It’s August—moving in time, moving away from high school, home and heading out on your own. That can be very exciting and very scary…
I know that I am an old fart. But I have a son who just finished his freshman year in college and know several others who are also freshmen.
More importantly, as someone who attempted to give up on life several times and now enjoys it, please give me a chance to bring more joy to your years as an undergrad—possibly the best years of your life. I struggled badly as a freshman, and I can understand some of the issues that you are grappling with. My book Beyond the PIG and the APE: Realizing Success and true Happiness highlights my struggles and triumphs. Life only gets more complicated after graduation, so listen up!
Some of you are struggling with academics. Some are dealing with social issues. Some are overwhelmed due to time management challenges. Others are dealing with being away from home and being truly independent for the first time. Many are burdened with all of the above. That’s tough.
Finding Lasting Friends
Here’s something that could help. Amuse me just for a minute.
Can you imagine what would happen if you wanted to buy a “good car” really badly?
Guess the sequence of events that would unfold once you embarked on your journey to buy that “good car.”
How would it have played out if you decided to buy a “Red VW Bug” or _______________ (insert your favorite car / item here) instead?
Was it any easier?
Given the imagined experience of buying a “Red VW Bug” or _______________ (insert your favorite car / item here) instead of just a “good car,” would you be willing to write down what you are looking for in terms of friends – their values and their aspirations and/or goals?
I hope that you answered, “YES.”
In my 30 years of experience working with successful entrepreneurs and CEOs who are also happily enjoying their lives (by the way, that’s not too many), I discovered that they are very particular about what they choose to do and who they choose to hang out with.
Focusing only for fun in the near-term, you tend to attract “butterflies,” seemingly wonderful fair-weather friends who soon flitter away when circumstances change, leaving them missing out on joy in the long run.
Get to know your expectations. What are you looking for in your friends? Write them down to make them clear to you. Make the implicit explicit!

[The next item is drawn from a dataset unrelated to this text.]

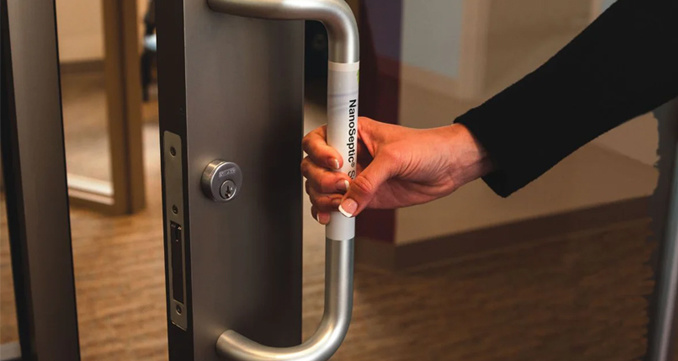 Pull handle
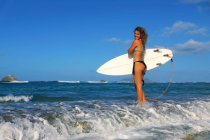 Beautiful surfer over blue sky — Stock Photo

5 Steps to Friendships that Last Forever
- What are the values that you cherish?
- What are your aspirations and/or goals?
- What are the fundamental values that you would like any of your friends to have?
- What are the values and aspirations that you would like to see in your close friends?
- What values and aspirations would you like to see in your innermost circle of friends?
Once you have these written down, you will notice that it becomes a lot easier to find friends who are compatible and will stick with you through thick and thin. They will also bring more joy into your life. It almost as easy as deciding to buy that “Red VW Beetle” and you begin to see Red VW Beetles all over the place.
- I must make great friends in my first semester or I won’t have a good time in college. Most likely, that’s not going to happen. Even if you think that you have made good friends, they may not remain so. Why? People change, you change, and all of you are in a new environment and trying to find your place and establish your identity.
- It may take a year or two for you to settle down and be who you are in new surroundings.
- Strong friendships take time to develop. Friendships that magically happen also have the potential to magically disappear.
Take your time to get to know yourself and the values and aspirations you cherish and find people with a similar outlook, and I promise that you will not only improve the quality of your friendships but also have more fun.